A Memory of Light

Robert Jordan, Brandon Sanderson
A Memory of Light Cover

A Memory of Light


Reaching the end of a good novel is not unlike leaving the dark of a movie theater for the light of day. Coming back into the real world can be a bit of a jolt. The jolt at the end of A Memory of Light for me came after a marathon reading session where I plowed through the end of the epic, watched heroes and villains alike die, and a final denouement. Twenty years after I first opened The Eye of the World and met Rand, Mat, and Perrin, I found myself closing A Memory of Light in a daze.

I started the fourteen volume series with The Eye of the World: Book One of 'The Wheel of Time' at 15 when Greg Stephenson, a friend with a penchant for finding the "next big thing," recommended and loaned a copy to me. It didn't take me long to fall into the story. It was a world alive and vibrant, a tale about boys not much older than myself, suddenly swept up on a dangerous adventure to save the world, travelling to lands exotic and distant, fighting foes they knew only from legend. What boy wouldn't love that? They were on a hero's quest, and I loved every page of it.

As the years passed and the series grew, so did the number of characters, plot lines, and intricacy. There have been high and low points, but with A Memory of Light Brandon Sanderson has with a careful and deft hand closed the tale in the world that Robert Jordan created with a novel that is both satisfying and bittersweet. Satisfying because the A Memory of Light really is, for me, one of the more enjoyable of the series. Bittersweet because with its close I must say goodbye to so many characters that I have watched grow and change.
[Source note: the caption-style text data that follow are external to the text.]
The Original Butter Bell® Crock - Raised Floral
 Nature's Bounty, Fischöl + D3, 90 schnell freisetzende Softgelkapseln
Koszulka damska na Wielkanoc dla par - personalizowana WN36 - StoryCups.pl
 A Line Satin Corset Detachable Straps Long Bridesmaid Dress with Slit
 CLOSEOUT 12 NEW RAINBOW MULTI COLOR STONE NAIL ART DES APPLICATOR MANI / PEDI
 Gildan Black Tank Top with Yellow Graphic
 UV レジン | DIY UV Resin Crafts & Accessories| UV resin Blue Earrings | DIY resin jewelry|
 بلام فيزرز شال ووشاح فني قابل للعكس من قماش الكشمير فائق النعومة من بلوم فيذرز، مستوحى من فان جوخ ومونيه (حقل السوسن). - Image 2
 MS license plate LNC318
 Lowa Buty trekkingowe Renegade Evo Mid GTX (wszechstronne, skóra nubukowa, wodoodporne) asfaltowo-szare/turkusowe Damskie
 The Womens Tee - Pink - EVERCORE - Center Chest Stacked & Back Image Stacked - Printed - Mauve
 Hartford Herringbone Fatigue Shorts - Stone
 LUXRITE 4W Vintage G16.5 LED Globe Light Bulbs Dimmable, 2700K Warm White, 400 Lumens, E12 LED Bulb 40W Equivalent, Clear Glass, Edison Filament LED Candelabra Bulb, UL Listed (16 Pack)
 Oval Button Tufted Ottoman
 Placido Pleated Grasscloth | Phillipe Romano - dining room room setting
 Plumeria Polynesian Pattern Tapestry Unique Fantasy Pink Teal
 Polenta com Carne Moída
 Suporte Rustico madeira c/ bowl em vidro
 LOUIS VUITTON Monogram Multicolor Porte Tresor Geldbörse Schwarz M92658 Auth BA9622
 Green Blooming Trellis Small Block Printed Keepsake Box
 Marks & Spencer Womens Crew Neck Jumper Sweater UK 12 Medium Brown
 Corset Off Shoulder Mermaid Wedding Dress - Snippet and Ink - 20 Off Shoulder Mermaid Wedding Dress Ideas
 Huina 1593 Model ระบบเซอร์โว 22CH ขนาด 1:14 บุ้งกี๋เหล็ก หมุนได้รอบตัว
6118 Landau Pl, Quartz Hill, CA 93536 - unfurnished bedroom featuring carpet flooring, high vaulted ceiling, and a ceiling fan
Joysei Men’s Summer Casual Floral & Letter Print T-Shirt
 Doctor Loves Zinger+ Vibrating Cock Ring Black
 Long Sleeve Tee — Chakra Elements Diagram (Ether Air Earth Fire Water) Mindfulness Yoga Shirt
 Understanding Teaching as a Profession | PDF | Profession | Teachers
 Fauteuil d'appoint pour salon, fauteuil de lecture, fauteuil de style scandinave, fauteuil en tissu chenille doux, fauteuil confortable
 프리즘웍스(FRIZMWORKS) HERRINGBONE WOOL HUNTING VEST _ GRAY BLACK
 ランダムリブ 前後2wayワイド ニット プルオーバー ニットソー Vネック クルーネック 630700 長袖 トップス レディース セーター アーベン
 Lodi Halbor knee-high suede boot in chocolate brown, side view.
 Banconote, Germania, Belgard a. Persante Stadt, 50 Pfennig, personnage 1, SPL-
But perhaps I wax too eulogistic. With so many story lines integrating, the action is busy, but the pace is exciting and moves with alacrity. Sanderson is at his best, painting a scene with the colors that Jordan has left for him that is vivid and gripping.

I don't want to spoil the story, but I will admit that there were moments where characters died so suddenly and unexpectedly that I was left flipping pages to make sure I hadn't been mistaken. Others survived that I had not expected, and yet others made choices that were both surprising and foreshadowed.

If you've not read the previous novels in The Wheel of Time, now is a great time to start. The ride is satisfying, even if the commitment does at times seem daunting. Robert Jordan died before finishing the series, leaving a legacy unfinished and a large reader base with an unfinished story. Brandon Sanderson has crafted a wonderful and fulfilling conclusion to the series that Jordan created, and millions of fans will be ever grateful. The fantasy genre is often dismissed as lesser fiction, but Jordan's novels regularly made the New York Times bestseller lists due to its broad and mass appeal.

It's a tribute to Sanderson that he was able to, using only the notes left by Jordan, finish The Wheel of Time with three novels each a hefty door-stopper with dozens and dozens of characters and plot lines to be tied together. Sanderson has proven himself a writer of the first class, and I look forward to seeing more from him in coming years. I've met Brandon twice, once at the release of his own The Way of Kings (The Stormlight Archive) and more recently this last weekend at a signing of A Memory of Light at Weller Book Works in Salt Lake City. I arrived late, and by the time the line wound down, it was late. Sanderson remained genial, friendly, and accommodating. For a guy who just successfully finished one of the most anticipated novels in fantasy since George R.R. Martin's A Dance with Dragons (if not more so).